#### What is required
Your copy should hold only the lines from the one holding "Blumen Bollenland Blumenfeld" through the last line of the records below, both included, each exact and with no pictures.

(Short descriptive text snippets)
-*-
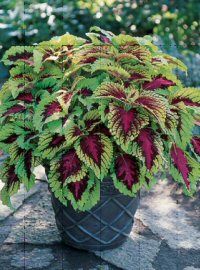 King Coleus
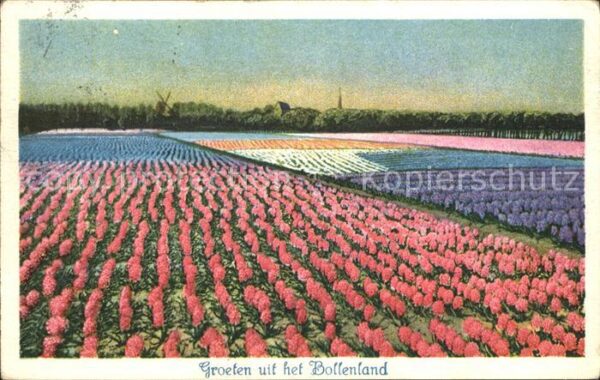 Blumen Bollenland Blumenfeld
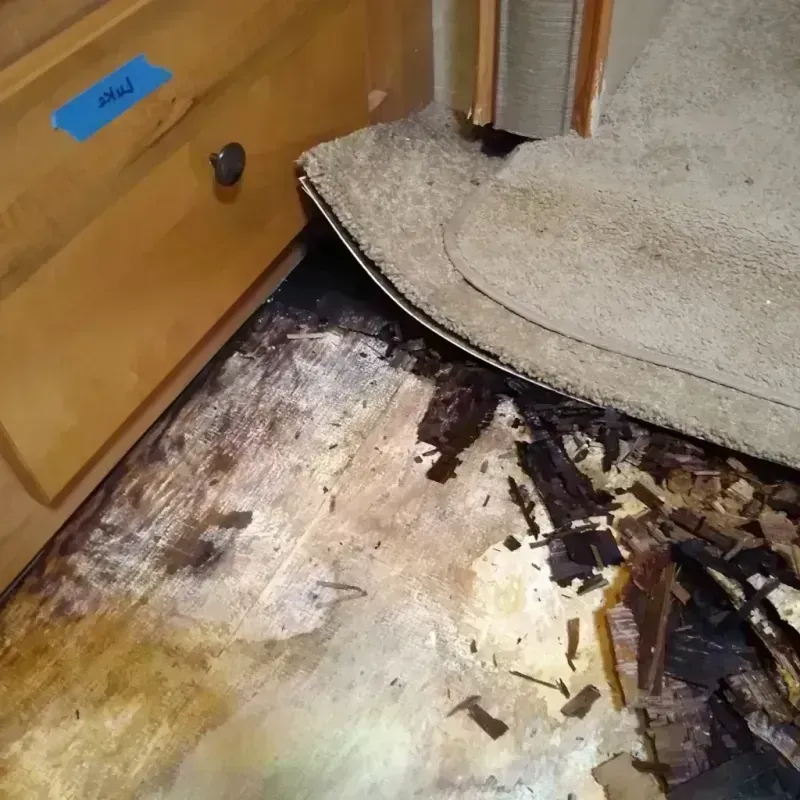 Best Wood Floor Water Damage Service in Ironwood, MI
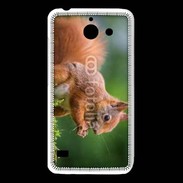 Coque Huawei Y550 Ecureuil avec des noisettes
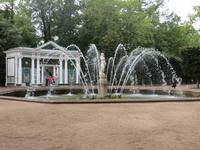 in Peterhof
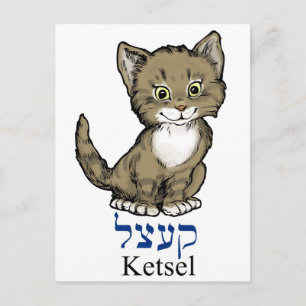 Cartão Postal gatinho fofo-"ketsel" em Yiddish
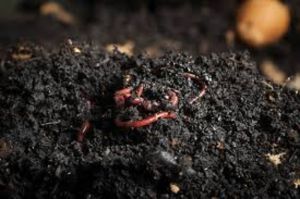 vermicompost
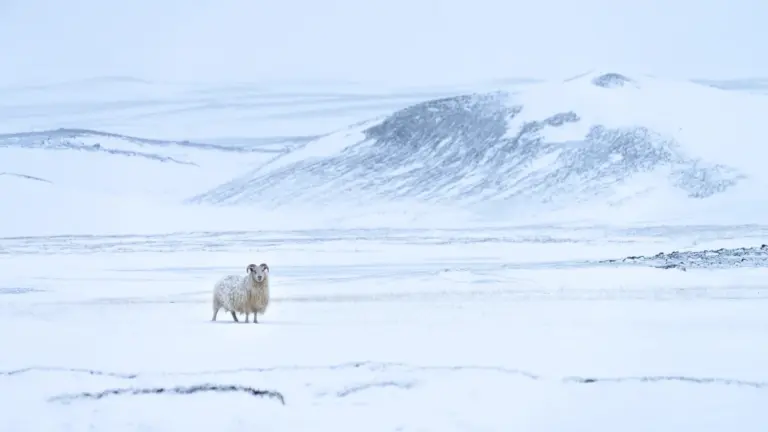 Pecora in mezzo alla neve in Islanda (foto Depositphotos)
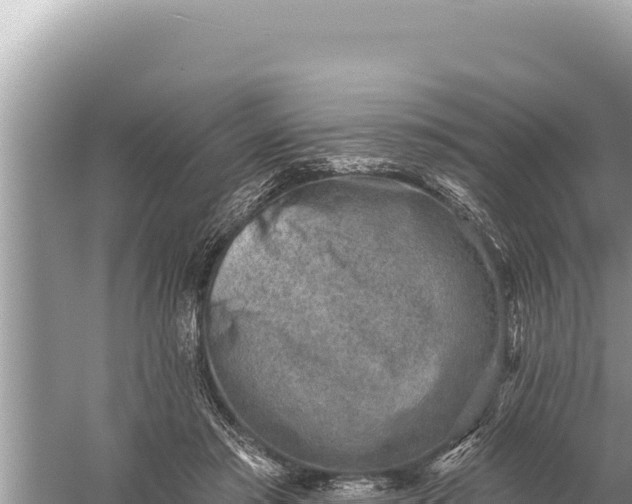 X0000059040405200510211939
-*-
#### Answer to the problem
 Blumen Bollenland Blumenfeld
 Best Wood Floor Water Damage Service in Ironwood, MI
 Coque Huawei Y550 Ecureuil avec des noisettes
 in Peterhof
 Cartão Postal gatinho fofo-"ketsel" em Yiddish
 vermicompost
 Pecora in mezzo alla neve in Islanda (foto Depositphotos)
 X0000059040405200510211939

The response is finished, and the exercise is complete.